Pre-norm transformer block:
x = x + Attention(Norm(x))
x = x + FFN(Norm(x))
"""
# TODO
pass
Exercise 6.6: Feed-Forward Network¶
Implement the FFN sublayer:
class FeedForward:
def __init__(self, d_model, d_ff):
self.W1 = np.random.randn(d_model, d_ff) * 0.02
self.W2 = np.random.randn(d_ff, d_model) * 0.02
self.b1 = np.zeros(d_ff)
self.b2 = np.zeros(d_model)
def forward(self, x):
"""FFN(x) = W2 * GELU(W1 * x + b1) + b2"""
# TODO
pass
Exercise 6.7: Layer Normalization¶
Implement LayerNorm:
class LayerNorm:
def __init__(self, dim, eps=1e-5):
self.gamma = np.ones(dim)
self.beta = np.zeros(dim)
self.eps = eps
def forward(self, x):
"""
mean = x.mean(axis=-1)
var = x.var(axis=-1)
x_norm = (x - mean) / sqrt(var + eps)
return gamma * x_norm + beta
"""
# TODO
pass
Exercise 6.8: Full Transformer Stack¶
Build a complete transformer:
class Transformer:
def __init__(self, vocab_size, d_model, n_heads, n_layers, d_ff, max_len):
self.embed = Embedding(vocab_size, d_model)

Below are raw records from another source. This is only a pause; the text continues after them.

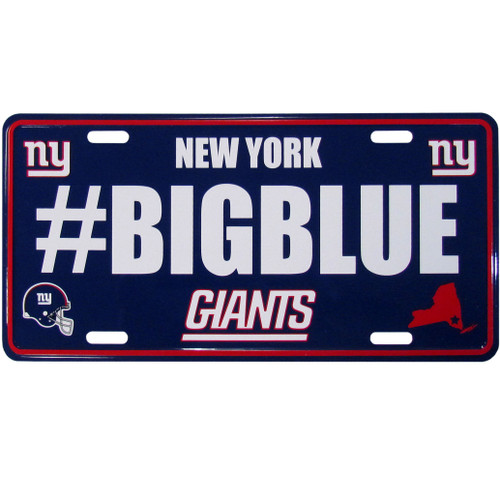 New York Giants Hashtag License Plate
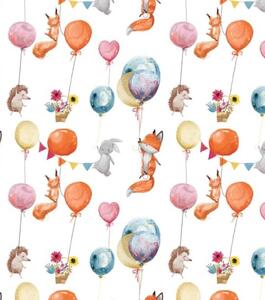 Metráž látka bavlna zvieratká s balónikom | RTex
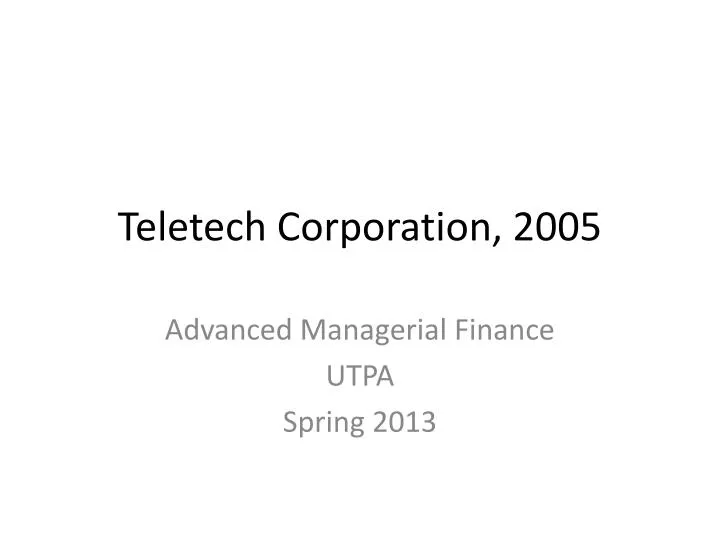 teletech corporation 2005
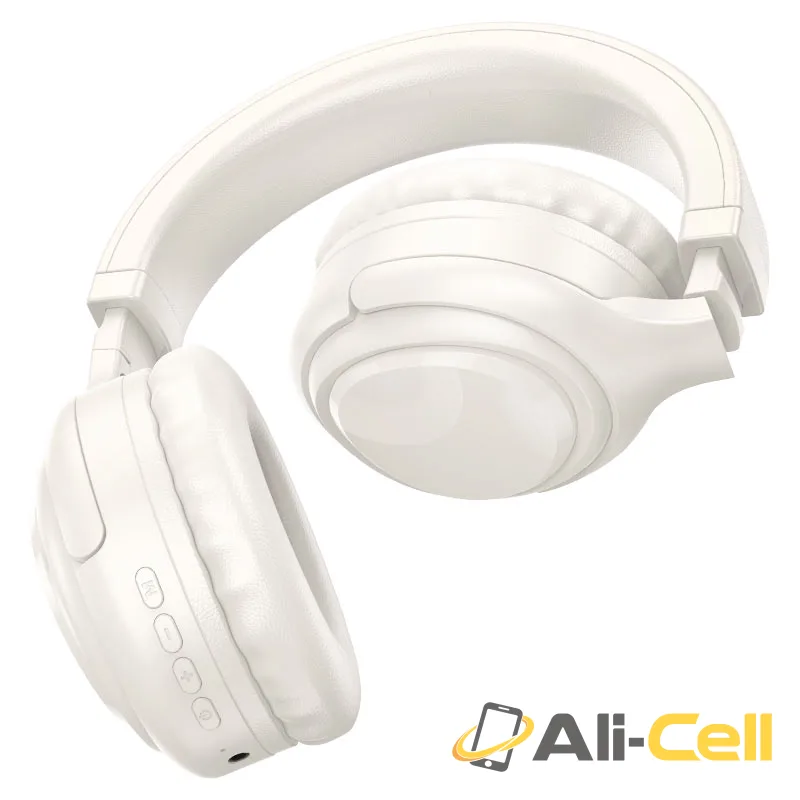 Headphones “W48 Focus” wireless wired (W48 Milky White) — 3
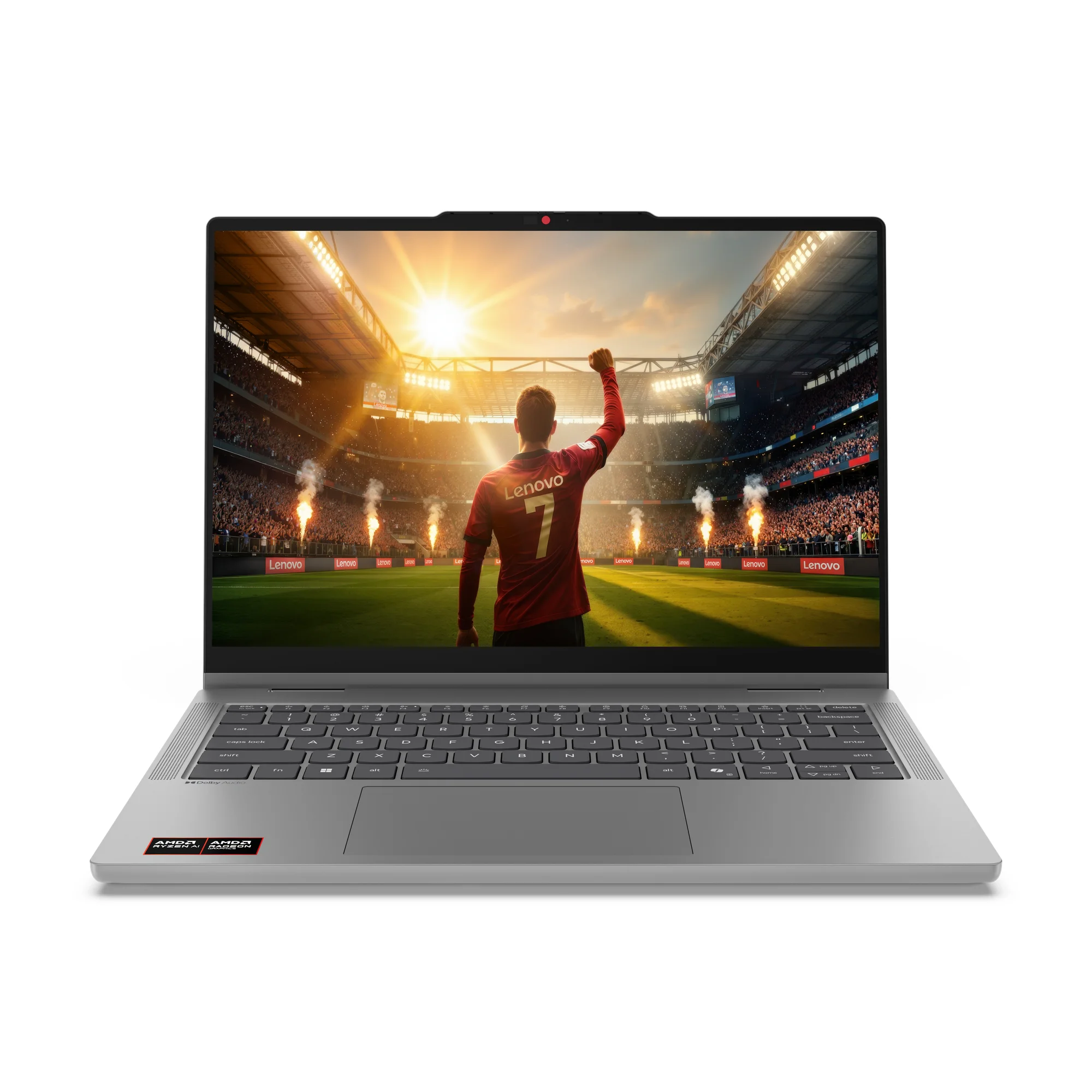 Lenovo IdeaPad 5 2-in-1 14AGP11 Copilot+ PC AMD Ryzen AI 7 445 Hybrid (2-in-1) 35,6 cm (14") Touchscreen WUXGA 16 GB DDR5-SDRAM 512 GB SSD Wi-Fi 7 (802.11be) Windows 11 Home Grau Deutsch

self.pos_embed = PositionalEncoding(max_len, d_model)
self.layers = [
TransformerBlock(d_model, n_heads, d_ff)
for _ in range(n_layers)
]
self.output = Linear(d_model, vocab_size)
def forward(self, tokens):
"""tokens [batch, seq] -> logits [batch, seq, vocab]"""
# TODO
pass
Challenge Exercises¶
Exercise 6.9: Parameter Counting¶
For a transformer with: - vocab_size = 50,000 - d_model = 768 - n_heads = 12 - n_layers = 12 - d_ff = 3072
a) How many parameters in the embedding layer? b) How many in each attention sublayer? c) How many in each FFN sublayer? d) Total parameters?
Compare your answer to GPT-2 small (117M parameters).
Exercise 6.10: RoPE Implementation¶
Implement Rotary Position Embeddings (RoPE):
def apply_rope(x: np.ndarray, positions: np.ndarray) -> np.ndarray:
"""
Apply rotary position embeddings.
Instead of adding position, rotate the embedding based on position.
"""
# TODO: Research and implement
pass
Exercise 6.11: SwiGLU Activation¶
Implement the SwiGLU activation (used in LLaMA, PaLM):
class SwiGLU_FFN:
def __init__(self, d_model, d_ff):
# Note: SwiGLU has 3 weight matrices, not 2
self.W_gate = ...
self.W_up = ...
self.W_down = ...
def forward(self, x):
"""
gate = silu(x @ W_gate)
up = x @ W_up
return (gate * up) @ W_down
"""
# TODO
pass
Checking Your Work¶
- Test suite: See
code/stage-06/tests/test_transformer.pyfor expected behavior - Reference implementation: Compare with
code/stage-06/transformer.py - Self-check: Verify output shapes match expectations and gradients flow correctly
Mini-Project: Tiny Transformer¶
Build a complete, working transformer language model from scratch.
Requirements¶
- Architecture: At least 2 layers, 2 heads, 64 dimensions
- Training: Train on a text corpus until loss < 2.0
- Generation: Generate coherent text
Deliverables¶
- [ ] Complete transformer implementation
- [ ] Training script with logging
- [ ] Loss curve showing convergence
- [ ] Generated text samples
- [ ] Parameter count breakdown
Extension¶
Compare pre-norm vs. post-norm. Which trains more stably?